ALTOONA, PA. — By now the pattern is familiar. New businesses move to town, creating low-paying, low-skill jobs that are quickly filled by immigrants. Most are Hispanics who speak little English. Some may be in the country illegally.

After a few years, local leaders fume that school enrollment has surged, social services are stretched and crime has increased, and they blame the illegal immigrants.

Since June, when Hazleton, Pa., some 130 miles east of here, began debating what to do about illegal immigrants, more than 60 local governments in 21 states have followed its lead and considered new ordinances to drive them away.

At least 15 have approved the measures, typically intended to punish landlords who rent to illegal immigrants and business owners who employ them.

Altoona, an old railroad town nestled in an Appalachian Mountain valley about 100 miles east of Pittsburgh, is one of those 15. It approved its ordinance in October. But it does not fit the same pattern.


No immigrants, yet

Altoona may be the beginning of the next wave: trying to prevent a situation from developing in the first place.

"We don't have a problem here with immigrants," said Joe Rieker, 40, one of five members of the Altoona City Council who voted in favor of the new ordinance. "But we want to stay ahead of the curve."

When places like Altoona pass such laws, it is a sign of a frustration with the lack of federal immigration enforcement, said Ira Mehlman, spokesman for the Federation for American Immigration Reform.

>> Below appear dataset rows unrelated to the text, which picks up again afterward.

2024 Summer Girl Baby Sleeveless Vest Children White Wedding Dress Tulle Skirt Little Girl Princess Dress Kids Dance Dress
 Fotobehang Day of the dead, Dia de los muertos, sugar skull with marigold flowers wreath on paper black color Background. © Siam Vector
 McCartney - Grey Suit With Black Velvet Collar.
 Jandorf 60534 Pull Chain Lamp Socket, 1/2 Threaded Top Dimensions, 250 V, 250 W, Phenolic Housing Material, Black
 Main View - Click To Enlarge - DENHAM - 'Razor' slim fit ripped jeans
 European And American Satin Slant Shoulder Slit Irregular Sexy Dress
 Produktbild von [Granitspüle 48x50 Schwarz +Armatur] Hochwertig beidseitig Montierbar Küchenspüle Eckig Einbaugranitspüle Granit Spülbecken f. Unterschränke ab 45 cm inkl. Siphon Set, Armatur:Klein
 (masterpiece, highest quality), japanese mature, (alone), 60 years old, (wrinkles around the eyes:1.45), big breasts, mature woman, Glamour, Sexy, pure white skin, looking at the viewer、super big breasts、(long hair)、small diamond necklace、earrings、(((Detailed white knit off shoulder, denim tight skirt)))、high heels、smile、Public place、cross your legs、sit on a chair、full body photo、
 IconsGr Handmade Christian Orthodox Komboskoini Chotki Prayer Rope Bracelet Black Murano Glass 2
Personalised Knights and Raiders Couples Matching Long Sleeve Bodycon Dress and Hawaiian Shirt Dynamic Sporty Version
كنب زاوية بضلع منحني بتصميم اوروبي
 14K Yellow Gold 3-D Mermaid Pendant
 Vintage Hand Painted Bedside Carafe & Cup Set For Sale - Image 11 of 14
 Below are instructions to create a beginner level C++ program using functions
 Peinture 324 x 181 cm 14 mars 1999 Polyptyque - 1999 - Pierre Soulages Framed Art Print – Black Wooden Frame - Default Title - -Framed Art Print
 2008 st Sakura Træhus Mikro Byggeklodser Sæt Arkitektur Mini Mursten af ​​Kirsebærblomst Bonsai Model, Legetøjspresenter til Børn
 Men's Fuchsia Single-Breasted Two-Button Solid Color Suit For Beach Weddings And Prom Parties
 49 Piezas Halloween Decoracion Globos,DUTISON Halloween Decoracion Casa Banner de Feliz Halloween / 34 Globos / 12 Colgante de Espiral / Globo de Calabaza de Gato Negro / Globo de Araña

"We certainly hope we see more towns like Altoona," Mehlman said. "And as the message gets out that there aren't a lot of communities that are welcoming, it will be a deterrent."


'Effective scapegoat'

The legal director for the American Civil Liberties Union in Pennsylvania, Vic Walczak, worries that a different message is being sent.

"There's a fair bit of politics involved here, and illegal immigrants are an easy and effective scapegoat for a small town's problems," Walczak said.

Altoona has at least one factor in common with Hazleton: Both ordinances were passed after local killings attributed to illegal immigrants.

In Altoona, Miguel Padilla, 27, was convicted in September in the killings of three men outside a nightclub on Aug. 28, 2005.

Though he had moved to a nearby town as a boy and graduated from a local high school, Padilla was an illegal immigrant from Mexico.

Mayor Wayne Hippo and other council members have said the Padilla case had nothing to do with the city's ordinance, which threatens to withdraw the business licenses of employers and rental licenses of landlords who hire or rent to illegal immigrants.

But local residents who support the ordinance said Altoona needed the new law.

"We just had three murders here," said Sandy Serbello, 64, a lifelong resident. "We look at everybody differently now."